In a dramatic e-mail, Executive Editor Bill Keller wrote Times' employees he wished he'd more carefully interviewed Miller and had "missed what should have been significant alarm bells" that she had been the recipient of leaked information about the CIA officer at the heart of the case.

"Judy seems to have misled (Times Washington bureau chief) Phil Taubman about the extent of her involvement," Keller wrote in what he described as a lessons-learned e-mail. "This alone should have been enough to make me probe deeper."

Keller said he might have been more willing to compromise with Special Counsel Patrick Fitzgerald "if I had known the details of Judy's entanglement" with Vice President Dick Cheney's chief of staff, I. Lewis "Scooter" Libby.

Miller said in an interview reported by the New York Times that Keller's statements were "seriously inaccurate." She also provided The Times with a copy of a memorandum she sent to Keller in response.

"I certainly never meant to mislead Phil, nor did I mislead him," she wrote to Keller, referring to Taubman.

She wrote that, as she had said in an account in The Times last Sunday, she had discussed Wilson and his wife with government officials, but "I was unaware that there was a deliberate, concerted disinformation campaign to discredit Wilson and that if there had been, I did not think I was a target of it."

She added: "As for your reference to my 'entanglement' with Libby, I had no personal, social, or other relationship with him except as a source."

Fitzgerald is investigating the disclosure of CIA operative Valerie Plame's identity.

In a sign the prosecutor may be preparing indictments, Fitzgerald's office erected a Web site Friday containing the record of the broad investigative mandate handed to him by the Justice Department at the outset of his investigation.
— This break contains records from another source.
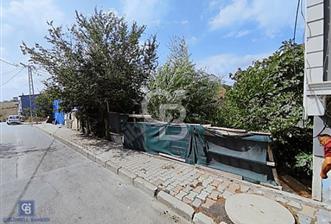 ARNAVUTKÖY BÖLGESİNDE HİSSELİ SATILIK ARSA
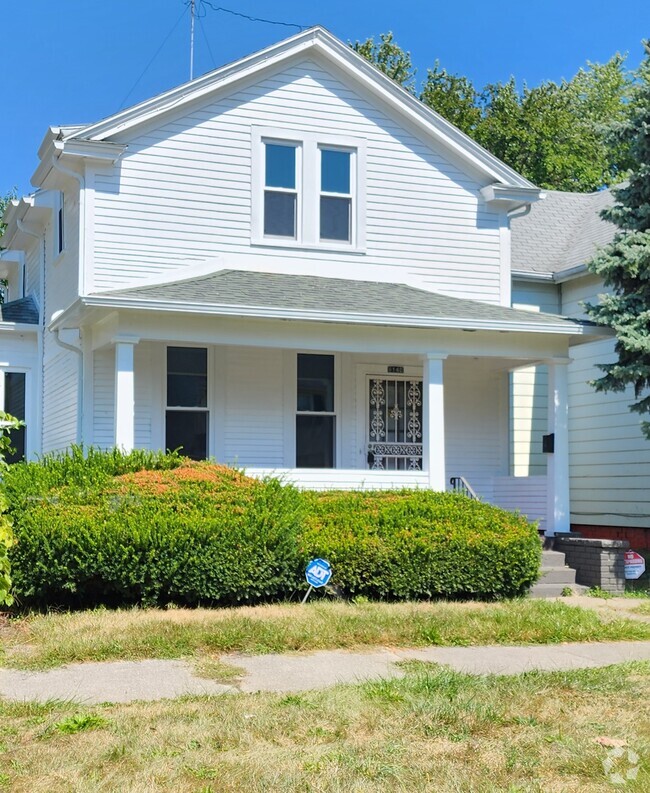 Building Photo - 1140 Palmwood Ave Rental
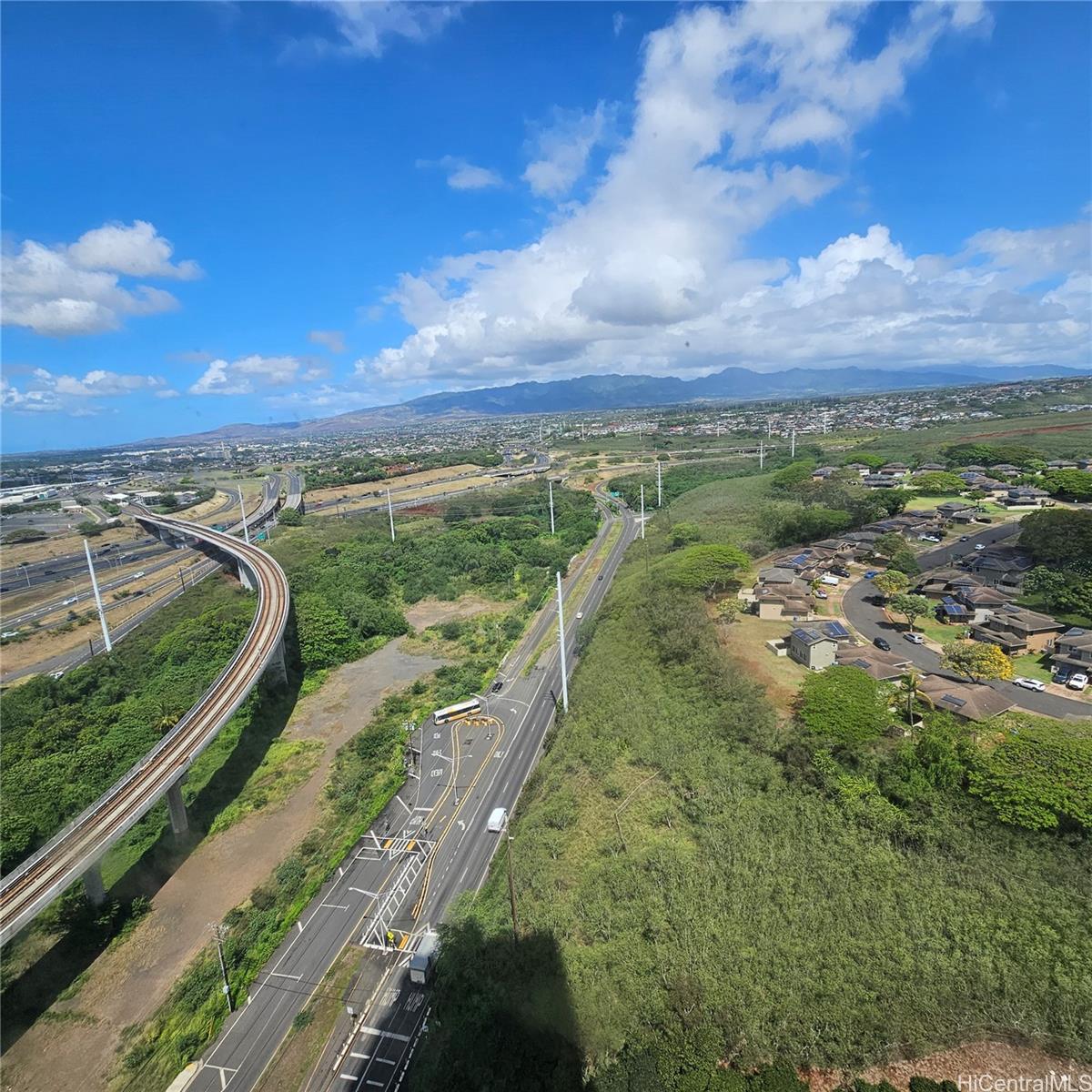 Century Park Plaza condo # 2608A, Pearl City, Hawaii - photo 12 of 16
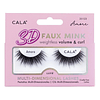 3D Faux Mink Lashes : AMORE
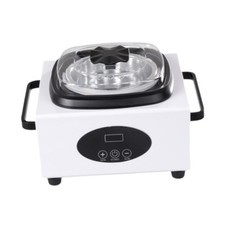 Fondoir à Cire Professionnel Avec Prise UE Pour Femmes Et Hommes, Pour Sceller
Unlike some of his predecessors who operated under a law that has since expired, Fitzgerald is not required to write a final report, so he would not need a Web site for that purpose.

Meanwhile, two lawyers familiar with Fitzgerald's investigation told The Associated Press that Fitzgerald first learned from White House records that Miller had met as early as June 23, 2003, with Libby and discussed the CIA operative.